- **Instructions to follow**
Transcribe, leaving out every picture, the lines that run from the start of the listing below through the line with "Pakistan: Four Killed".
**** Recorded information
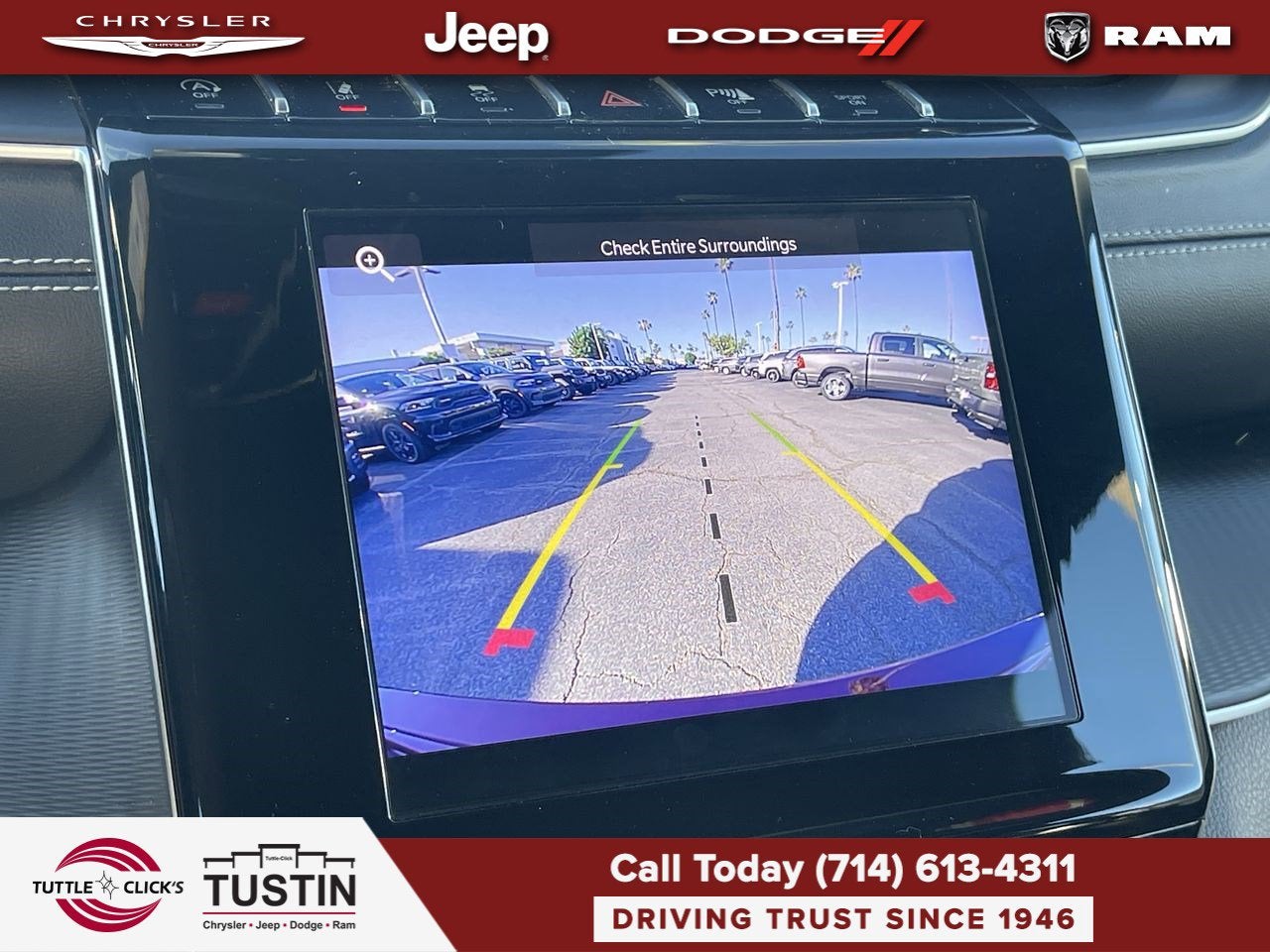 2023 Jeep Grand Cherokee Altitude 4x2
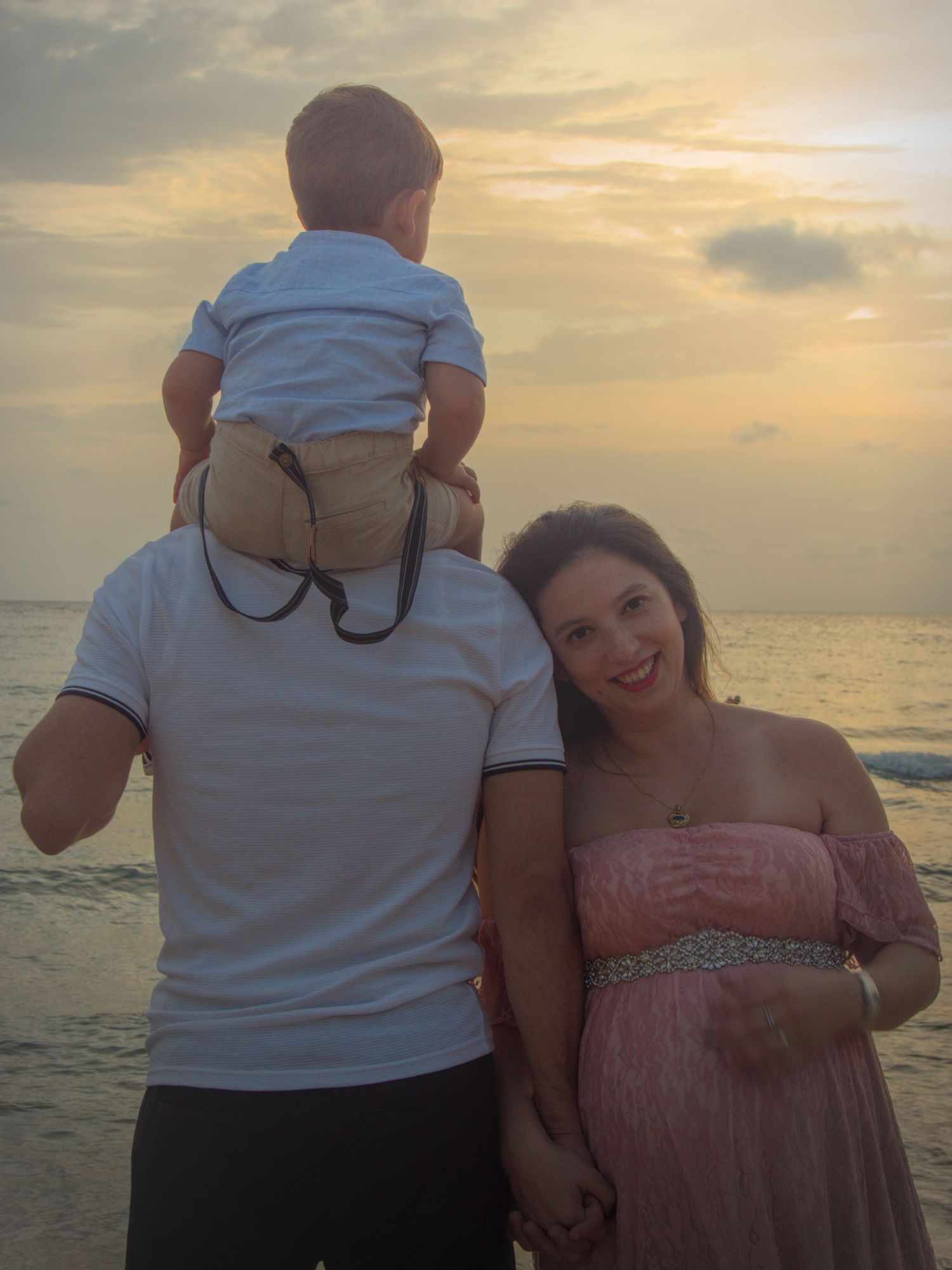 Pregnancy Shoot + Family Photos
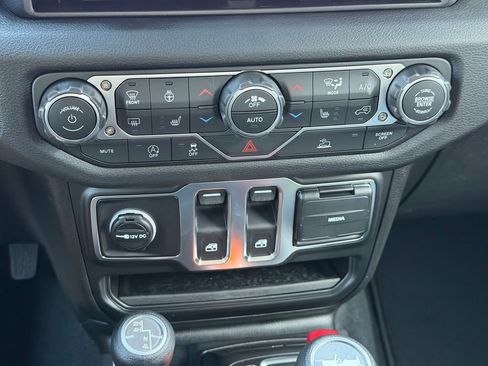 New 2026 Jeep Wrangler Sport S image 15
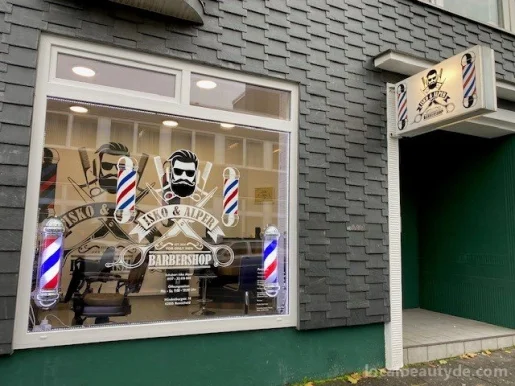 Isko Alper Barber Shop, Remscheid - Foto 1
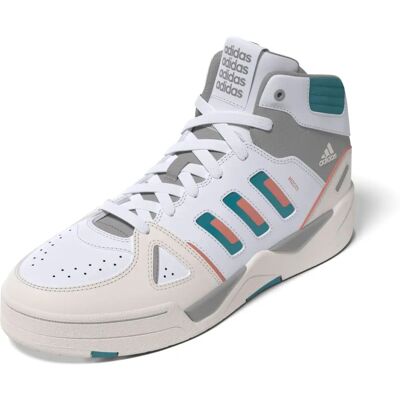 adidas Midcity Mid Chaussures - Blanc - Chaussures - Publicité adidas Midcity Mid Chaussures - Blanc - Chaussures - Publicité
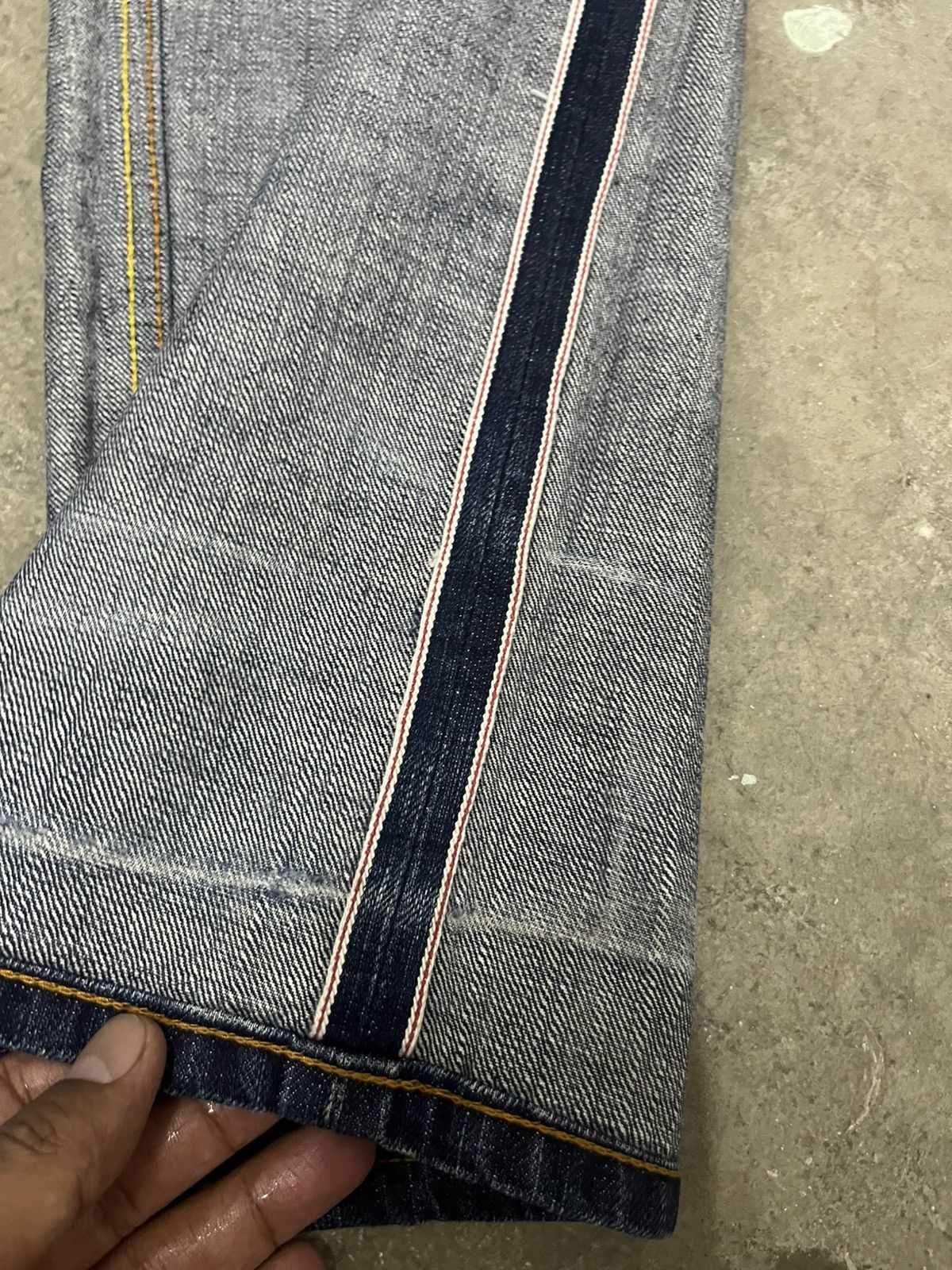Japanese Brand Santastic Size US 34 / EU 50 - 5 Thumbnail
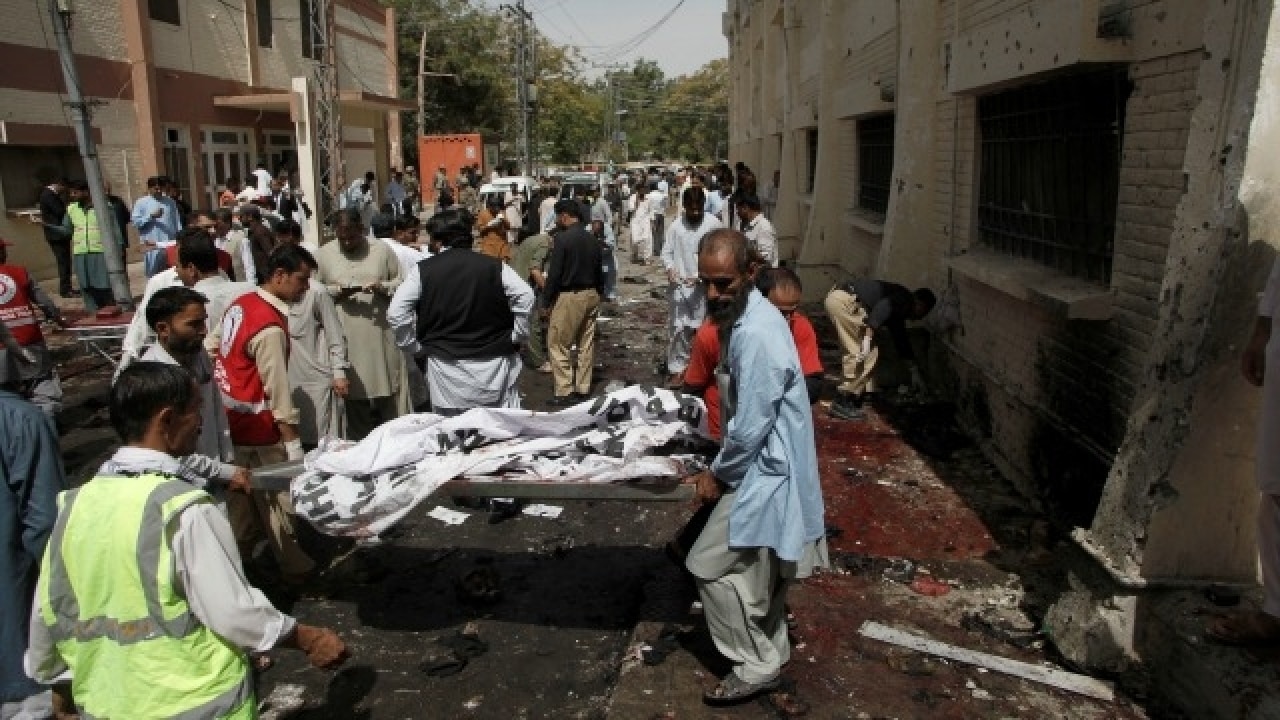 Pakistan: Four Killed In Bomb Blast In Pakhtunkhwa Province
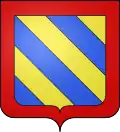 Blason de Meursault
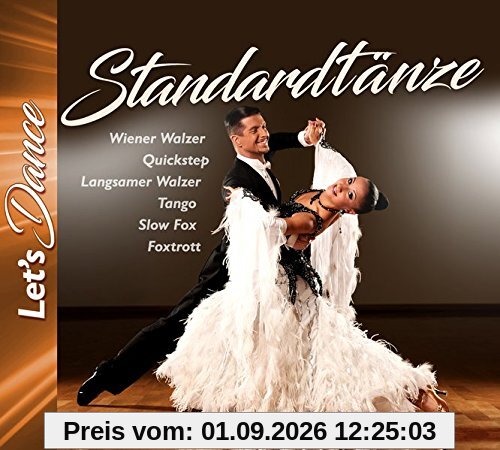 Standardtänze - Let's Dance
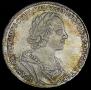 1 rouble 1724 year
********
- **Exercise result**
 2023 Jeep Grand Cherokee Altitude 4x2
 Pregnancy Shoot + Family Photos
 New 2026 Jeep Wrangler Sport S image 15
 Isko Alper Barber Shop, Remscheid - Foto 1
 adidas Midcity Mid Chaussures - Blanc - Chaussures - Publicité adidas Midcity Mid Chaussures - Blanc - Chaussures - Publicité
Japanese Brand Santastic Size US 34 / EU 50 - 5 Thumbnail
 Pakistan: Four Killed In Bomb Blast In Pakhtunkhwa Province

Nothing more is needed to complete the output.